In some applications, you may want to take advantage of functions that operate on character-type data; to do so, you convert dates, times, or timestamps to character strings. You can perform such a type conversion by using the CAST expression, which I describe in Chapter 9.
An interval value function named ABS was introduced in SQL:1999. It’s similar to the ABS numeric value function, but operates on interval-type data rather than numeric-type data. ABS takes a single operand and returns an interval of the identical precision that is guaranteed not to have a negative value. Here’s an example:
ABS ( TIME '11:31:00' – TIME '12:31:00' )
The result is
INTERVAL +'1:00:00' HOUR TO SECOND
Table functions return entire tables rather than just values. There are two types of table functions: ordinary table functions, and as of SQL:2016, polymorphic table functions.
An ordinary table function takes one or more tables as input, operates on them in some manner, and then outputs a result table. These functions must specify the names and types of the columns they return (the row-type) at the time of creation.
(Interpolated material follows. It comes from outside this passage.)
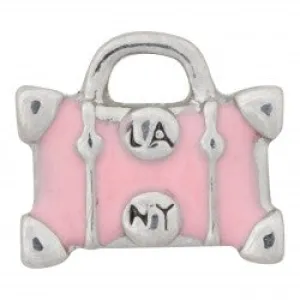 Pink Luggage Bag Floating Charm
A polymorphic table function (PTF) returns a table whose row type is not declared when the function is created. The row type may depend on the arguments in the invocation of the PTF. A PTF may have generic table parameters, meaning that no row type is declared when the PTF is created. Furthermore, the row type of the result may depend on the row types of the input tables. At the time of this writing, polymorphic table functions are not yet fully supported by any popular DBMS.